- [Instructions to follow]:
Below are several records. Retype exactly those lines running from the one with "House for sale in Westport, Connecticut" through the one with "clases-jovenes", end lines included, and no others.

- [Recorded data]:
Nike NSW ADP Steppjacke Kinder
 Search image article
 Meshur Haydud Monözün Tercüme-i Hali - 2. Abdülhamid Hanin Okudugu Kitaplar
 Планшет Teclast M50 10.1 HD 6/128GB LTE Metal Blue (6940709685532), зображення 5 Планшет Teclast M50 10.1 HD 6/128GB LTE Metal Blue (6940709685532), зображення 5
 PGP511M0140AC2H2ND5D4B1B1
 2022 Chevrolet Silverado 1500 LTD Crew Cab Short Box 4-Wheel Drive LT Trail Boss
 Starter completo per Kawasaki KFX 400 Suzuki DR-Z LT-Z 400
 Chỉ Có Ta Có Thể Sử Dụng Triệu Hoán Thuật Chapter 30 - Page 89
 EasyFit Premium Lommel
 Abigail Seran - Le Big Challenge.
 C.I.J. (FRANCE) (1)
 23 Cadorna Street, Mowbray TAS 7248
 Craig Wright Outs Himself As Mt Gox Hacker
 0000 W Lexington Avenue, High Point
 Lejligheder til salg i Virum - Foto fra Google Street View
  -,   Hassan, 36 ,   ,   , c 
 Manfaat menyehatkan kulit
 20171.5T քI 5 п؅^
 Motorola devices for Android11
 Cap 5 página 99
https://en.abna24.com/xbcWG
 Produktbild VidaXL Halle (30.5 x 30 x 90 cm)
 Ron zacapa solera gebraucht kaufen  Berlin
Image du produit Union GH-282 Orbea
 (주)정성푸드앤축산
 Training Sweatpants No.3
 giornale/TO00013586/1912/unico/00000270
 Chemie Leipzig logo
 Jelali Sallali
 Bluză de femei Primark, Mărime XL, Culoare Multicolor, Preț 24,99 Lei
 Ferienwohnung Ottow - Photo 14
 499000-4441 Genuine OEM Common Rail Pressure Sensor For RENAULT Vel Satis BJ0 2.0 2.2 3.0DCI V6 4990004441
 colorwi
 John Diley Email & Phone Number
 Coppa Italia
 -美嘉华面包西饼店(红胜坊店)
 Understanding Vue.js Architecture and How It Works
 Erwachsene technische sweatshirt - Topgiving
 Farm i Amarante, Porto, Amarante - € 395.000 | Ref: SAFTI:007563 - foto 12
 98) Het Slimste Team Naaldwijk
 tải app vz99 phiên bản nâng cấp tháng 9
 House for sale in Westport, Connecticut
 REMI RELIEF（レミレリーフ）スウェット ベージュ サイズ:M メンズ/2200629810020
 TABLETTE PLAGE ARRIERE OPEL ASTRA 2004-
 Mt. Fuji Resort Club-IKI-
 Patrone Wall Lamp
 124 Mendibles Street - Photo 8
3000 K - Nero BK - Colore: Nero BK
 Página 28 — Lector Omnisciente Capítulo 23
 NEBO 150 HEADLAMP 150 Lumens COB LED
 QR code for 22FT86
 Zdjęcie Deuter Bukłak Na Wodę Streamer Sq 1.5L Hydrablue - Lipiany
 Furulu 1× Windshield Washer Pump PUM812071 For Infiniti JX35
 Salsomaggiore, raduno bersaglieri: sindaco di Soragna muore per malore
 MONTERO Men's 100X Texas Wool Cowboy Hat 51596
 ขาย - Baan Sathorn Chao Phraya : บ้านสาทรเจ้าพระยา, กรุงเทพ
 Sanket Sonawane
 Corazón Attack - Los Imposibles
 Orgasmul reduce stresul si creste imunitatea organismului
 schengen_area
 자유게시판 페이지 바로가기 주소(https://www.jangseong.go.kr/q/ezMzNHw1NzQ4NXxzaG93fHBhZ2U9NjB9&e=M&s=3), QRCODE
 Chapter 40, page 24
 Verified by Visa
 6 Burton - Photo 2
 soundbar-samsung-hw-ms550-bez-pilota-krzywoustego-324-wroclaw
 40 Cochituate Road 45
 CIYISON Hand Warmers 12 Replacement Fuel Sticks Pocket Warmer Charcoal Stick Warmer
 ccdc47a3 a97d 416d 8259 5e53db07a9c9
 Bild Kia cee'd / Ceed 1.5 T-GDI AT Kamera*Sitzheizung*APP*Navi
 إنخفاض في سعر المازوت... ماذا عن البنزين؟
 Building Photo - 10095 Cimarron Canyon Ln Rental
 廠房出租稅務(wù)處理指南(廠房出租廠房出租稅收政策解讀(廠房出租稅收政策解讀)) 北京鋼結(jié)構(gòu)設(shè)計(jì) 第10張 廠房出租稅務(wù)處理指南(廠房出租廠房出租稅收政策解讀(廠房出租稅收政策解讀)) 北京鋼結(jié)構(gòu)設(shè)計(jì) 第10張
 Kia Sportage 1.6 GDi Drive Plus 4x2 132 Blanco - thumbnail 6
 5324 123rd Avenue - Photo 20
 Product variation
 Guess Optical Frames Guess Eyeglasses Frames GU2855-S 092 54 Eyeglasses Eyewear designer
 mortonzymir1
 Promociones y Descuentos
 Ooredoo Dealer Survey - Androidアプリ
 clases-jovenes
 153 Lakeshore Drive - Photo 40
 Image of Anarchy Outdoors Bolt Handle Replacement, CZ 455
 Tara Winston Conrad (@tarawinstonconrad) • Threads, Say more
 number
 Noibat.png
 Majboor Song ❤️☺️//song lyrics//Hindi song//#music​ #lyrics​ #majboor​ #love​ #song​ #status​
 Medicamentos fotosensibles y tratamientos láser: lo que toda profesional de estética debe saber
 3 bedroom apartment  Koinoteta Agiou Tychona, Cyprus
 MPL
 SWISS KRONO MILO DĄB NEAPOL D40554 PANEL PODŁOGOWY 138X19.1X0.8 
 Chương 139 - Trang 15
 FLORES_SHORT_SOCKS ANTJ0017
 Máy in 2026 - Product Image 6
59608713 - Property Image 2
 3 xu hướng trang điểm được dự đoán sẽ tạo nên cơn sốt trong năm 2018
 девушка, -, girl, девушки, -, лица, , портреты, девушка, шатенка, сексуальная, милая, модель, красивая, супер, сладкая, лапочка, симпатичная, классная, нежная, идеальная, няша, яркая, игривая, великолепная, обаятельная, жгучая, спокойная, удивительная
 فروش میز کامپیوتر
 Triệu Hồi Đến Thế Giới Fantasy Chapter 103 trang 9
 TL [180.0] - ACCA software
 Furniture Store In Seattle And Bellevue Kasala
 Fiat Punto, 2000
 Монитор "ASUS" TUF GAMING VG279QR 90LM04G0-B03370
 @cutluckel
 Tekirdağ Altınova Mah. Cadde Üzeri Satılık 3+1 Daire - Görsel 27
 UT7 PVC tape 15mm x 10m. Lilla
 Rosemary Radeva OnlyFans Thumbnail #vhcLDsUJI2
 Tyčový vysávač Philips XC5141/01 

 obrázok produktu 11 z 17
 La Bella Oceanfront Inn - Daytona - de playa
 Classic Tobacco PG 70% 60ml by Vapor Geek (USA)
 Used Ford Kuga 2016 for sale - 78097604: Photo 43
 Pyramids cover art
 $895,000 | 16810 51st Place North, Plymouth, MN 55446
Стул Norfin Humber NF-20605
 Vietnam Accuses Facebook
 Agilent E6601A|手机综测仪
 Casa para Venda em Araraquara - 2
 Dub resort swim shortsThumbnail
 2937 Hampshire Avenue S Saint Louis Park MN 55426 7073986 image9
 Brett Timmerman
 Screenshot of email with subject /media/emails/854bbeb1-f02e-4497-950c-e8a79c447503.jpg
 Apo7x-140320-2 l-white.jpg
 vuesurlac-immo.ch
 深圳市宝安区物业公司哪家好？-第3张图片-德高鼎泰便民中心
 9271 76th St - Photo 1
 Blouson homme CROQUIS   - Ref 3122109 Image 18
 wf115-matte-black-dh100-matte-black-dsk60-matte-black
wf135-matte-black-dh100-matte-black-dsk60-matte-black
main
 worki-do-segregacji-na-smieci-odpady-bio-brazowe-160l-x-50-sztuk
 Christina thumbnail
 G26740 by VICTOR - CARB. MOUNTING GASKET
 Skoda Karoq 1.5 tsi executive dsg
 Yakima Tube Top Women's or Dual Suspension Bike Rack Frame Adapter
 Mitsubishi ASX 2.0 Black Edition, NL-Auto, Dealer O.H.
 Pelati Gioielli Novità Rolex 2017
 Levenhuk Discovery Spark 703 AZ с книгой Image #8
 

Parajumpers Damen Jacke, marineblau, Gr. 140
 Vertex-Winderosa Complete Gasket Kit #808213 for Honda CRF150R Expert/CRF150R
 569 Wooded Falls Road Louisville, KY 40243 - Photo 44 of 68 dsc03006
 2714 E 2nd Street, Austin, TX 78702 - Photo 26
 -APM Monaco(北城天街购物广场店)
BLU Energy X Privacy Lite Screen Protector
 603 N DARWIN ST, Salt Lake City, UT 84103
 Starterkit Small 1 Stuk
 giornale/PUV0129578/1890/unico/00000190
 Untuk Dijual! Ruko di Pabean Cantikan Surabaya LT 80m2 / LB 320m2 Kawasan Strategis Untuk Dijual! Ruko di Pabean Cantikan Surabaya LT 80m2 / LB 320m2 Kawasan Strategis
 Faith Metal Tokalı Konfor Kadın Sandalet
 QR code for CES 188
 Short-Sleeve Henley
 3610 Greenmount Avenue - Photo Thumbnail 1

- [Answer box]:
 House for sale in Westport, Connecticut
 REMI RELIEF（レミレリーフ）スウェット ベージュ サイズ:M メンズ/2200629810020
 TABLETTE PLAGE ARRIERE OPEL ASTRA 2004-
 Mt. Fuji Resort Club-IKI-
 Patrone Wall Lamp
 124 Mendibles Street - Photo 8
3000 K - Nero BK - Colore: Nero BK
 Página 28 — Lector Omnisciente Capítulo 23
 NEBO 150 HEADLAMP 150 Lumens COB LED
 QR code for 22FT86
 Zdjęcie Deuter Bukłak Na Wodę Streamer Sq 1.5L Hydrablue - Lipiany
 Furulu 1× Windshield Washer Pump PUM812071 For Infiniti JX35
 Salsomaggiore, raduno bersaglieri: sindaco di Soragna muore per malore
 MONTERO Men's 100X Texas Wool Cowboy Hat 51596
 ขาย - Baan Sathorn Chao Phraya : บ้านสาทรเจ้าพระยา, กรุงเทพ
 Sanket Sonawane
 Corazón Attack - Los Imposibles
 Orgasmul reduce stresul si creste imunitatea organismului
 schengen_area
 자유게시판 페이지 바로가기 주소(https://www.jangseong.go.kr/q/ezMzNHw1NzQ4NXxzaG93fHBhZ2U9NjB9&e=M&s=3), QRCODE
 Chapter 40, page 24
 Verified by Visa
 6 Burton - Photo 2
 soundbar-samsung-hw-ms550-bez-pilota-krzywoustego-324-wroclaw
 40 Cochituate Road 45
 CIYISON Hand Warmers 12 Replacement Fuel Sticks Pocket Warmer Charcoal Stick Warmer
 ccdc47a3 a97d 416d 8259 5e53db07a9c9
 Bild Kia cee'd / Ceed 1.5 T-GDI AT Kamera*Sitzheizung*APP*Navi
 إنخفاض في سعر المازوت... ماذا عن البنزين؟
 Building Photo - 10095 Cimarron Canyon Ln Rental
 廠房出租稅務(wù)處理指南(廠房出租廠房出租稅收政策解讀(廠房出租稅收政策解讀)) 北京鋼結(jié)構(gòu)設(shè)計(jì) 第10張 廠房出租稅務(wù)處理指南(廠房出租廠房出租稅收政策解讀(廠房出租稅收政策解讀)) 北京鋼結(jié)構(gòu)設(shè)計(jì) 第10張
 Kia Sportage 1.6 GDi Drive Plus 4x2 132 Blanco - thumbnail 6
 5324 123rd Avenue - Photo 20
 Product variation
 Guess Optical Frames Guess Eyeglasses Frames GU2855-S 092 54 Eyeglasses Eyewear designer
 mortonzymir1
 Promociones y Descuentos
 Ooredoo Dealer Survey - Androidアプリ
 clases-jovenes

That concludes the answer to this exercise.